Gwen Stefani’s influence on POP showWOMANship is underrated. She West-Coastified Madonna’s looks and sprinkled in some fairy dust, creating an image that was simultaneously sexy, cute, and cartoonish. She’s mixed sporty pieces, like cargo pants and sneakers, with more formal touches, like retrofied hair. Some might say that Gwen simply copied Madonna, but those people must realize that every fashion icon has been inspired by her/his glamcestors; Nicki Minaj borrows from Lady GaGa and Lil Kim, who have both been inspired by Madonna, Grace Jones, Annie Lennox, etc.  Madonna looked to David Bowie and Marilyn Monroe for inspiration, and Marilyn grew up admiring pictures of her idol, Jean Harlow.  I could go back even farther, unfolding Harlow’s inspirations.  There has been no evidence of carbon copying.  Every old touch has been accompanied by something fresh.  You might see the cone bra designed by Jean-Paul Gaultier and worn by Madonna on somebody else, but with modern modifications, including guns (Lady GaGa) or whipped cream cans (Katy Perry) tied to the bosom.  Everything is derived from something that came before, but with a bit of a modern twist; it’s an evolution, not a revolution.  Society takes steps forward, while keeping the past in the back of its brain.

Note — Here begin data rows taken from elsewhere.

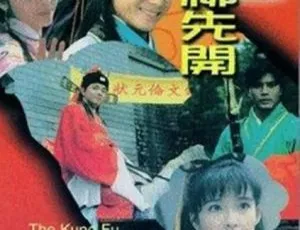 1994 中国大陆经典《伦文叙老点柳先开》国语中字 3.96GB 百度网盘资源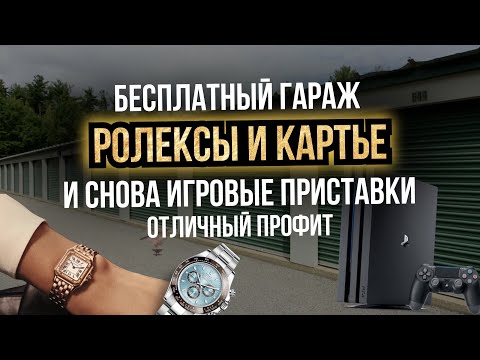 Видео: Аукцион Контейнеров США - Ролекс и Картье - Дорогие и приятные находки среди мусора - Бывает и такое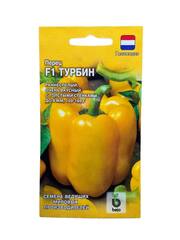 Перец сладкий Турбин F1 (Гавриш)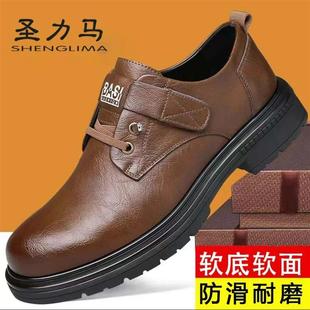 圣力马真皮男鞋2025新款高端B男士帕拉鞋子昌荣飞行员休闲商务皮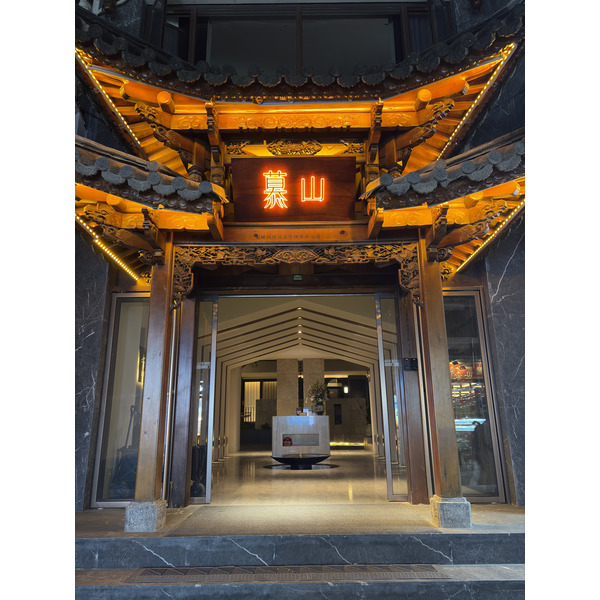 Picture China Dali Mushan Leye Resort Hotel 2026-01 9 - Recreation Mushan Leye Resort Hotel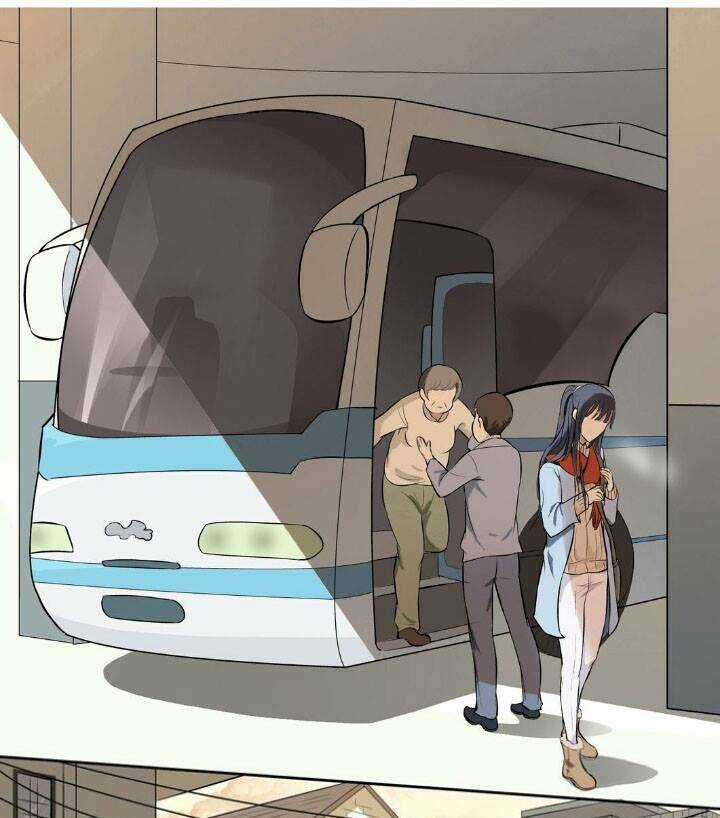 Nguyệt Ẩn Thần Chapter 1 trang 23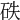 𥑇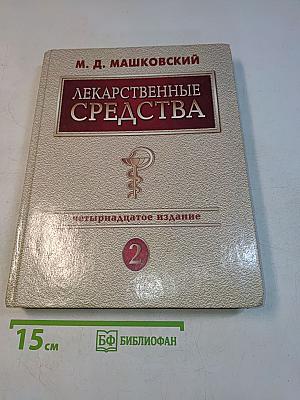 Лекарственные средства. Пособие для врачей. Том 2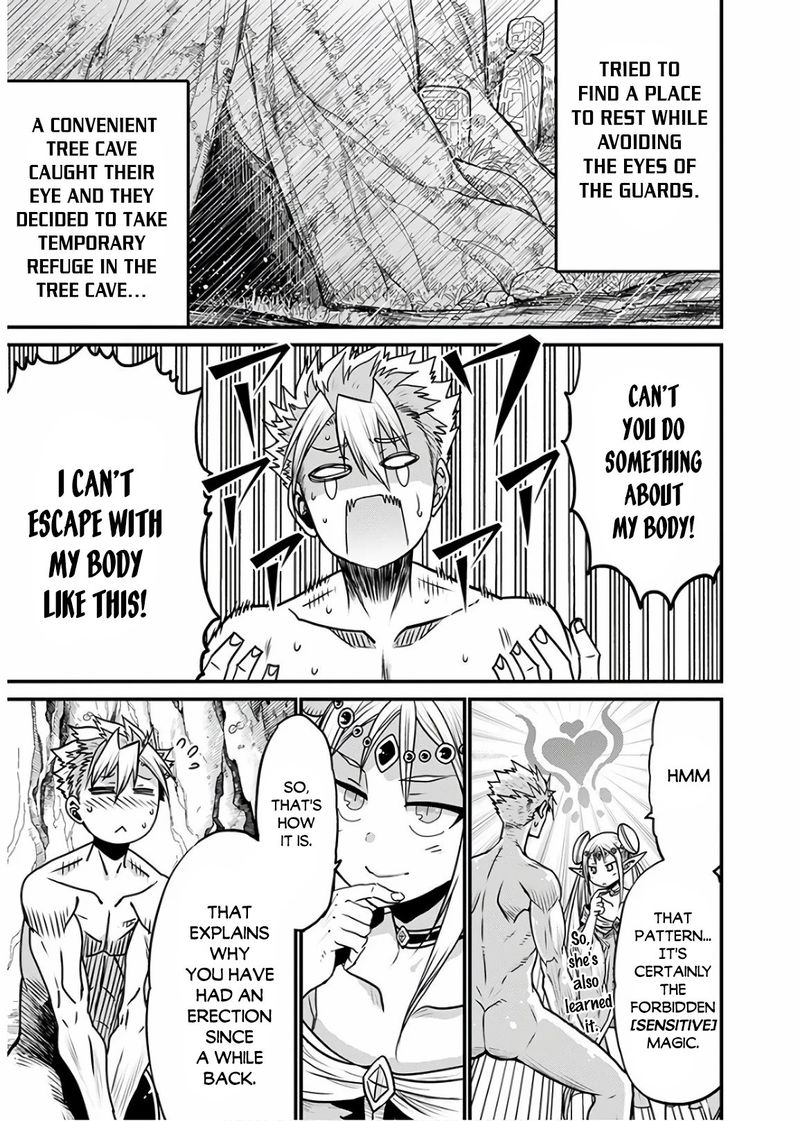 Peter Grill To Kenja No Jikan 30 28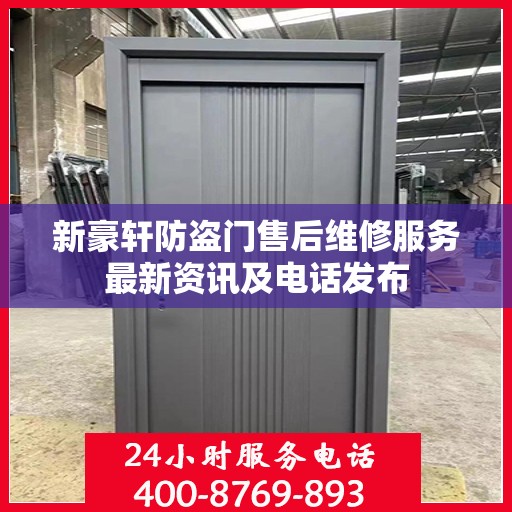 新豪轩防盗门售后维修服务最新资讯及电话发布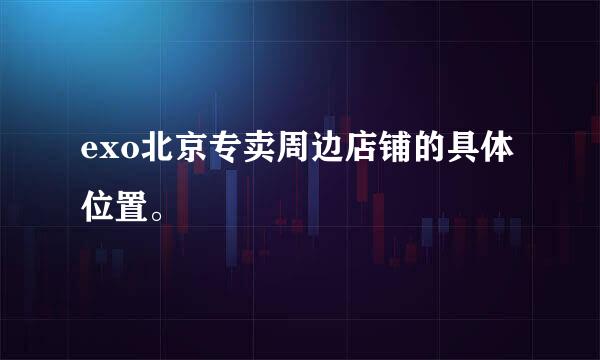 exo北京专卖周边店铺的具体位置。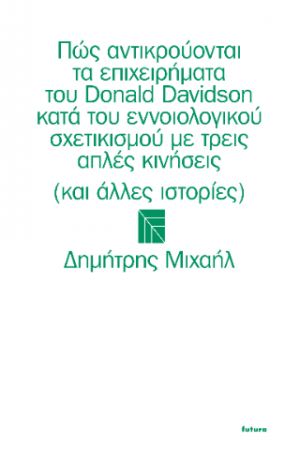 Πώς αντικρούονται τα επιχειρήματατου Donald Davidson κατά του εννοιολογικούσχετικισμού με τρεις απλές κινήσεις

Over the past few years, recent POP stars have taken inspiration from Princess Gwen, and it’s coming to a peak.  When Katy Perry launched onto the scene (a few months before anyone had heard of GaGa), many thought of her as a freshened up Madonna, playing with sexuality using 1940s hair and red lipstick.  What they didn't realize was that Gwen, not Madonna, was actually at the center of Katy’s image.  Ms. Perry has idolized the No Doubt front woman for years, loving her from the Don’t Speak days.  Katy has openly stated her admiration for Ms. Stefani’s combination of toughness and old-world glam.  Moreover, Katy even said that when she first arrived in Los Angeles, she met two POP stars, one of which was Gwen.  While the other (who went unnamed) was horribly rude, Gwen was especially kind and warm-hearted to Katy, who was, at that point, a struggling singer.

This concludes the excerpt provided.